Recorded information:
★ ★ ★ ★ ★ ★ ★

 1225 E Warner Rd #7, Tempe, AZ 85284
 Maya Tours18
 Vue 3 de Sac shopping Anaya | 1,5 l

★ ★ ★ ★ ★ ★ ★

Task description:
Return the listing above in its exact form.

Result below:
 1225 E Warner Rd #7, Tempe, AZ 85284
 Maya Tours18
 Vue 3 de Sac shopping Anaya | 1,5 l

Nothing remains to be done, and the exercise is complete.